**WORK INSTRUCTION**
Without any of their pictures, return all of the records exactly.
———
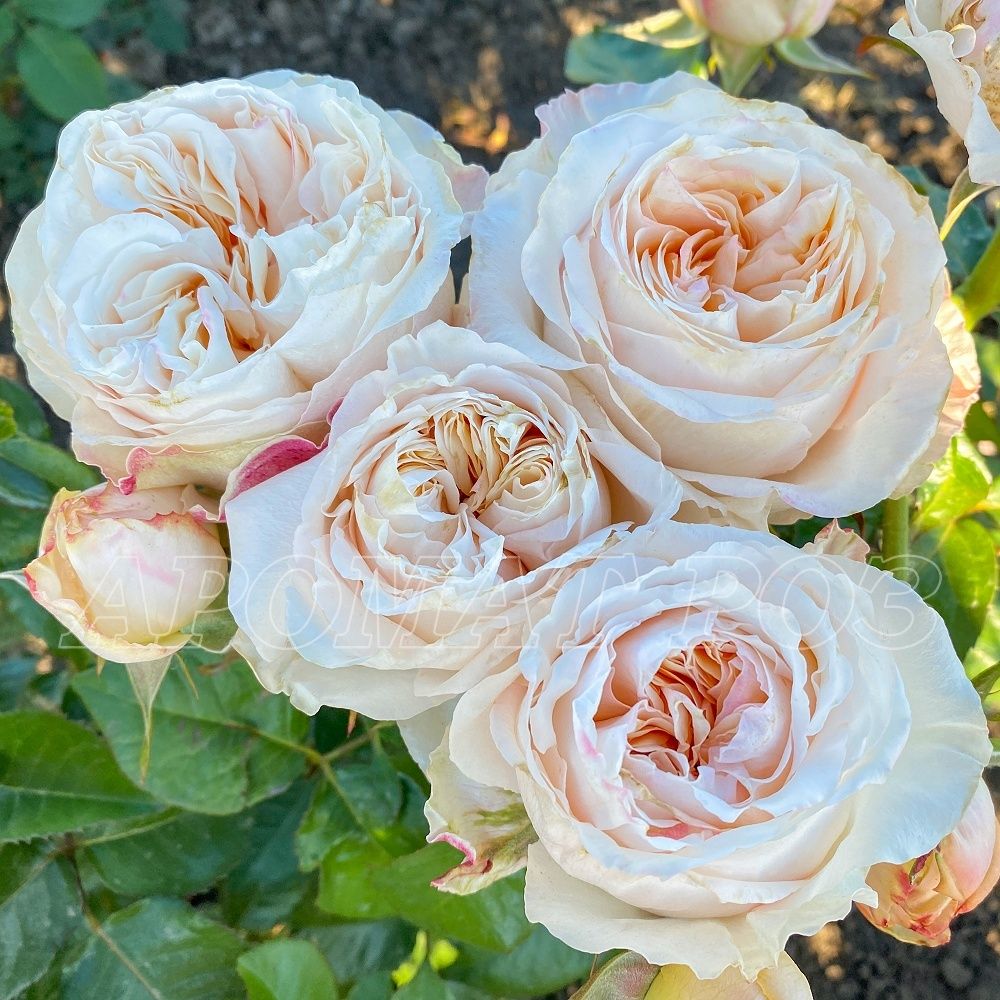 Виктория Пич (Victorian Peach)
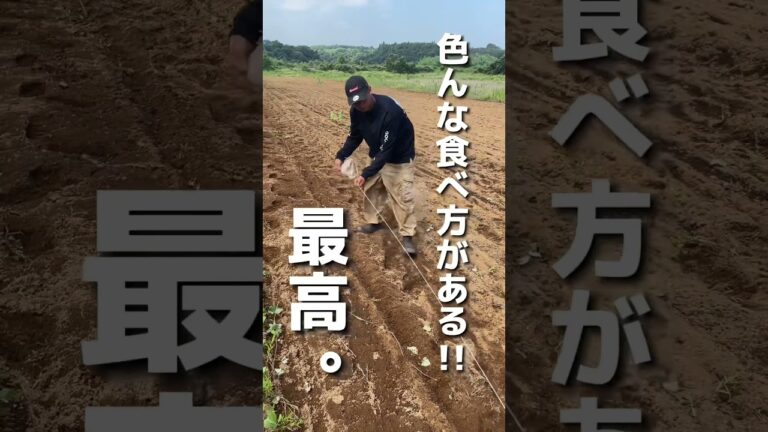 大豆の種まき！枝豆って美味しいよね！ #福渡 #農家 #農業 #農家の日常 #無農薬 #オーガニック #新米農家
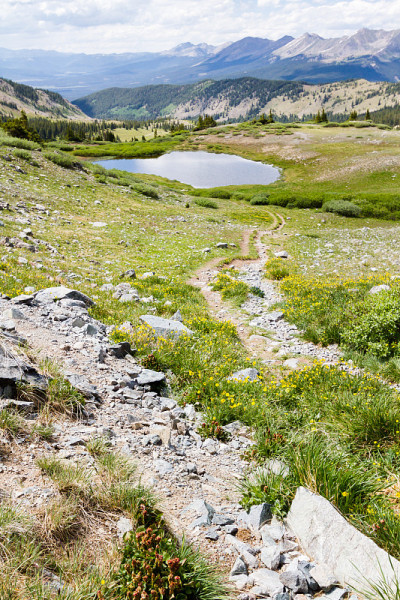 山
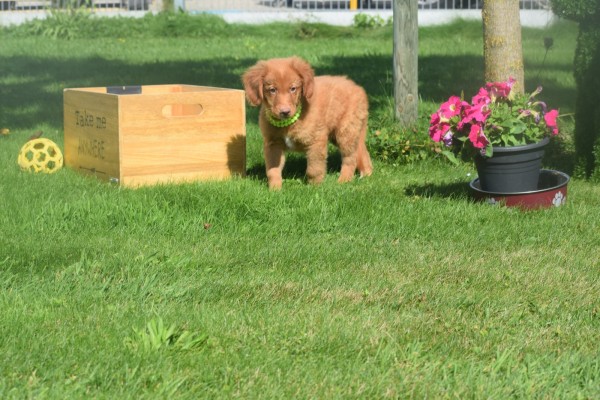 Nova Scotia Duck Tolling Retriever (reu) 67856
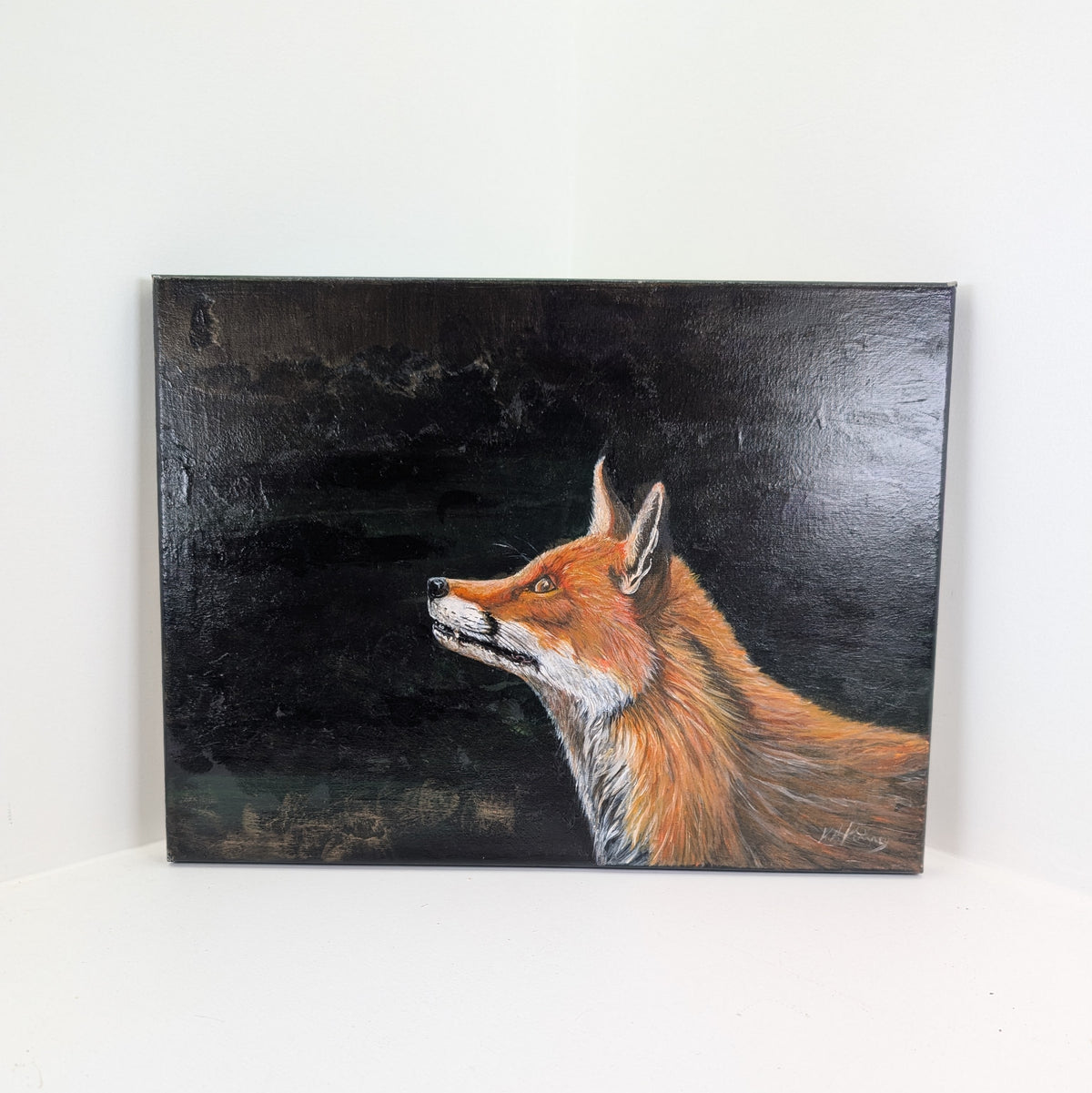 Wildlife Acrylic Originals on Canvas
———
**EXERCISE RESULT**
 Виктория Пич (Victorian Peach)
 大豆の種まき！枝豆って美味しいよね！ #福渡 #農家 #農業 #農家の日常 #無農薬 #オーガニック #新米農家
 山
 Nova Scotia Duck Tolling Retriever (reu) 67856
 Wildlife Acrylic Originals on Canvas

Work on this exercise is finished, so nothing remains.